[Caption-style text data]

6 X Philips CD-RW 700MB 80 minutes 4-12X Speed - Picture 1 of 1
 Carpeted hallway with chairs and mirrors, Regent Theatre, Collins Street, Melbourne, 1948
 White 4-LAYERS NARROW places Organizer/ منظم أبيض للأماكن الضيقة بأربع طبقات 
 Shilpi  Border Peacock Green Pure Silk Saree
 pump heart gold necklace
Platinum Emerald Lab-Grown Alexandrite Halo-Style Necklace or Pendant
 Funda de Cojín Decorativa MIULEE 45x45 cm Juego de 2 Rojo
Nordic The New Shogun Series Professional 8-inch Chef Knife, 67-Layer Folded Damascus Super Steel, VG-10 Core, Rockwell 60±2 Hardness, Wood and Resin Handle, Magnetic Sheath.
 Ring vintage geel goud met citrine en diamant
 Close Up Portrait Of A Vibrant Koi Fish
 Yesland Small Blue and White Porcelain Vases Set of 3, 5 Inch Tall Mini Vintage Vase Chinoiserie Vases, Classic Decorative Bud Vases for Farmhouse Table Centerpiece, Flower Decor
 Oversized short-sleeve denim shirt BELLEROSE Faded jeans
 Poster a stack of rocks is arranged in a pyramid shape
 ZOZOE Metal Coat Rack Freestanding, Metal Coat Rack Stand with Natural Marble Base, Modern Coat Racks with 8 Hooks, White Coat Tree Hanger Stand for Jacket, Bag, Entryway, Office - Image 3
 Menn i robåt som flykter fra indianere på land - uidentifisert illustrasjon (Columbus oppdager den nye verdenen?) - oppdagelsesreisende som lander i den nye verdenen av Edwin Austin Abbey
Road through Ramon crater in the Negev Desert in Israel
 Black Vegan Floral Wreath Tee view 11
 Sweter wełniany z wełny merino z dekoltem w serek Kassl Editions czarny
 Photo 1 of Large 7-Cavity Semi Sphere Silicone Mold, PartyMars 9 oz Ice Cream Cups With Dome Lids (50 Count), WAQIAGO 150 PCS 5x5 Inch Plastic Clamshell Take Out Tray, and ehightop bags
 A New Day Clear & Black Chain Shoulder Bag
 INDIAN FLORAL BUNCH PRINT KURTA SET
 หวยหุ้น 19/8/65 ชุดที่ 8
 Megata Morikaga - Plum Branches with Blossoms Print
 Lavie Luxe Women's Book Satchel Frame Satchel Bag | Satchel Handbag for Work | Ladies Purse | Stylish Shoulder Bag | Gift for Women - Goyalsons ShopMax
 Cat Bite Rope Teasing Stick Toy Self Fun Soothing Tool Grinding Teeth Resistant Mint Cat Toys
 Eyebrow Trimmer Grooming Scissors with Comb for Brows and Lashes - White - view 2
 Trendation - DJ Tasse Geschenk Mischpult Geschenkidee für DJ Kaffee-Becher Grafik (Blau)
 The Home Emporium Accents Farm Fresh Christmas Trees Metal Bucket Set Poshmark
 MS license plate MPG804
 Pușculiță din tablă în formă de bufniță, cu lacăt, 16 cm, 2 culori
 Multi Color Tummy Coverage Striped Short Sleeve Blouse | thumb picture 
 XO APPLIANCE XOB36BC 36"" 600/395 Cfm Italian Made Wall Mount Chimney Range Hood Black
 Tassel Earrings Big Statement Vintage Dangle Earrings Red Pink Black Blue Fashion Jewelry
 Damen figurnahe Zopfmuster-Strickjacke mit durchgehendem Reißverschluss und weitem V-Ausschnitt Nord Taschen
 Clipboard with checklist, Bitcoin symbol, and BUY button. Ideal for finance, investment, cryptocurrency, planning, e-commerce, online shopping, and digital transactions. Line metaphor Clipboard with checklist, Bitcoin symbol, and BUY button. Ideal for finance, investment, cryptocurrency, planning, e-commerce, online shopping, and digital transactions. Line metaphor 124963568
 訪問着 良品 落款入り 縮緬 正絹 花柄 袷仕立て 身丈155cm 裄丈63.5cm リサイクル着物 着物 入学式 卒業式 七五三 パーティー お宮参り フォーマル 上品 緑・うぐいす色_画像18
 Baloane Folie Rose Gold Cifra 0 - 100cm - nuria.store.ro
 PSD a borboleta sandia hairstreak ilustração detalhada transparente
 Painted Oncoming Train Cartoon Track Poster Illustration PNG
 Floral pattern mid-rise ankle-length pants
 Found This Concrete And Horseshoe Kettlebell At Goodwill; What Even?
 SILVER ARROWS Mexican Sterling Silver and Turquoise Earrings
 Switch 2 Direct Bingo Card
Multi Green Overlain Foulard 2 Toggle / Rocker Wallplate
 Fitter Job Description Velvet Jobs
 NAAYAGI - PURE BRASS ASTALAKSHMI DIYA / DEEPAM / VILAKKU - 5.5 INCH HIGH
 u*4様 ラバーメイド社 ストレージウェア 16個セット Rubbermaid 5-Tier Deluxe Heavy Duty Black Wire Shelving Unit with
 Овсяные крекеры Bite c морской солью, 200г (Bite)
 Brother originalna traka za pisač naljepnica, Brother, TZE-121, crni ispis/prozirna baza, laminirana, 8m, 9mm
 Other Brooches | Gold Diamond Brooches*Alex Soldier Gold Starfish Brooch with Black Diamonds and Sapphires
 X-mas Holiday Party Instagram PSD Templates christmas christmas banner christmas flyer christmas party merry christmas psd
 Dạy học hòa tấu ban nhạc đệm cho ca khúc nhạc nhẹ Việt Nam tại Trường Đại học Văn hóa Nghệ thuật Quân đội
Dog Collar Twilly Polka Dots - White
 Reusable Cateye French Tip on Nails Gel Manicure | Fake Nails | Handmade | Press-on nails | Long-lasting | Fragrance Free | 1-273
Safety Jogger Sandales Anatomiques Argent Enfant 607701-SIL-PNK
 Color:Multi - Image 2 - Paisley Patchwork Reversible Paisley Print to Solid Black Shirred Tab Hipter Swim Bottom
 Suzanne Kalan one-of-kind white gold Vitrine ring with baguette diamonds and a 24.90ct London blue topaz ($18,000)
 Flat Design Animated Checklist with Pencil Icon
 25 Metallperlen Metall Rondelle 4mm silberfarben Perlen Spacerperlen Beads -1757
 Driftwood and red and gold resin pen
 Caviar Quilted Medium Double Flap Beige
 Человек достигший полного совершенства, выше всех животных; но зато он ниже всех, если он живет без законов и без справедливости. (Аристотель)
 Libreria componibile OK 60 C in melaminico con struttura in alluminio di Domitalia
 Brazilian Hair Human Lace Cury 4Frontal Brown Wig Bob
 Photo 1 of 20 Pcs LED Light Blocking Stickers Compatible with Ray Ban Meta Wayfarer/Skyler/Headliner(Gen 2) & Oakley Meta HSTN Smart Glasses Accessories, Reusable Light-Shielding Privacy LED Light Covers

## Task statement
For each line in the data that holds "Bite", add one to a count, then report that count alone.

## Answer to this task
2